Dissidents in the south found a leader in the Berber, El-Hiba, son of a popular marabout. He proclaimed himself Sultan in Tiznit, raised a
harka
and cannily marched on Marrakesh where the French had not yet arrived in any force. While negotiations went on between
El-Hiba and the Glaoui brothers, the French did arrive: and with them artillery, mortars and machine-guns. Armed only with flintlock rifles, their long barrels chased with silver and stocks inlaid with mother-of-pearl, El-Hiba's tribal army was massacred outside the city walls. His march was to be the last true
harka
.
From now on the subjugating columns were led by Christians, colonizing French and Spanish, amply equipped and competent with the machines of modem war.
In Tiznit I was able to indulge a hobby of playing at silversmith. My skill is not great. But then Berber jewellery is relatively simple, and after a week's apprenticeship I was improving. The silversmiths'
souk
is in an enclosed courtyard containing some dozen tiny workshops. Driss introduced me to a sympathetic smith, and I spent my first two days watching him from dawn till dusk. When I protested that I must be getting in the way, Rachid's reaction was to send out for more mint tea, and ask me to hold something. Usually this was
one end of a doubled length of silver wire. The other end he screwed into a simple drill, which might have been from a child's carpentry set, with the bit removed. He then turned the handle, and the result was finely-twisted silver wire, basis of much filigree work, and also the skeleton of some types of ring The particular job at the moment was the manufacture of enamelled rings for local ladies, About the periphery of a flat, petal-shaped plate, the wire was soldered to form seven symmetrical divisions, also of petal shape. With the silver wire once more, a cone was formed in the centre of the ring, composed of four tiny triangles. The plate, like some Lilliputian formal garden without colour, was then soldered to the band. This was also flat metal, but decorated with less tightly coiled silver wire, like an extended spring. The object was intricate, browned from the soldering torch, and exceedingly drab. Rachid now went to work with the brilliant enamels, melted from sticks like sealing wax. One by one the symmetrical beds of the miniature garden were filled with blue, green, and honey. A fascination of these last two colours is that the enamel on the silver scabbard of a dagger bought in Marrakesh in 1917, and dating from the 1850s, matches them exactly. I bought Rachid's ring the moment it was cool enough to hold, Its cost was twenty-three pence.

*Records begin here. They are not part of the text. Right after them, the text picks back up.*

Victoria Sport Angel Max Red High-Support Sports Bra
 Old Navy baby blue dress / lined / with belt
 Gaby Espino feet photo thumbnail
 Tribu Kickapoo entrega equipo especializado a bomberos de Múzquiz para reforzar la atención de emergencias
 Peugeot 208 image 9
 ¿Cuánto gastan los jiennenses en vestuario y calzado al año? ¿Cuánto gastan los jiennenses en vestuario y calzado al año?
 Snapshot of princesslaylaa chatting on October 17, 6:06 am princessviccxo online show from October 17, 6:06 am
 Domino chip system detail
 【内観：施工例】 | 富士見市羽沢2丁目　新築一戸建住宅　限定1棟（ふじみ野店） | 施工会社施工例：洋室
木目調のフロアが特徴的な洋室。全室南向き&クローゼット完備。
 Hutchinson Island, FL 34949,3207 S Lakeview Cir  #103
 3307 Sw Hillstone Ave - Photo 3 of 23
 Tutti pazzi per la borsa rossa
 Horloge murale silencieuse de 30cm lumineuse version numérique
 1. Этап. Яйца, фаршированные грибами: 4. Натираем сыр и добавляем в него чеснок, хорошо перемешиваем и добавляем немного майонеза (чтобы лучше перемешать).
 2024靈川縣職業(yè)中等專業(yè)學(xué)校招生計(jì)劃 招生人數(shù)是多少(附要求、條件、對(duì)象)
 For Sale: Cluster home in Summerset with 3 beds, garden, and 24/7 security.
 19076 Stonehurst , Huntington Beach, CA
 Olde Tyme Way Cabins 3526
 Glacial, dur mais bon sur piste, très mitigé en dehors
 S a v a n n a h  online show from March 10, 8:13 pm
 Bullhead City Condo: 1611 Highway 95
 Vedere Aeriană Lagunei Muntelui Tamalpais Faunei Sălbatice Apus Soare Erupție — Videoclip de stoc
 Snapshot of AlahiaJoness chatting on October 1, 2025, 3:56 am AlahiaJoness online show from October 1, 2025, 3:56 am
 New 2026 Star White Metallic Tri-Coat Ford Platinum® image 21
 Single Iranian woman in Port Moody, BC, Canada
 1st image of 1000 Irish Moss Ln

The previous year an American girlfriend had bought an antique silver ring in Marrakesh. I asked Rachid whether there was any possibility of finding one in Tiznit. The next day he opened a twist of newspaper and spilled a dozen at my feet. Not one was phony, and I'd seen nothing but trash in the town's few tourist bazaars. Why I didn't buy the lot I can't now think. Partly it was a Fantasy that a dozen tribesmen must have been murdered in the night to obtain them, but more an obscure sense that to buy indiscriminately rings that didn't fit my own fingers would be an abuse of my relationship with this craftsman. I bought four. Three are simple, engraved with cabbalistic patterns, wafer-thin at the edges through wear. The Fourth was a problem. Presumably once the property of a
very pudgy finger, cut into its top in crude Roman capitals were the initials TA. Besides being incongruous with its finely graven band, I have no affiliations whatsoever with the sometime Territorial Army; the terrestrial arts perhaps.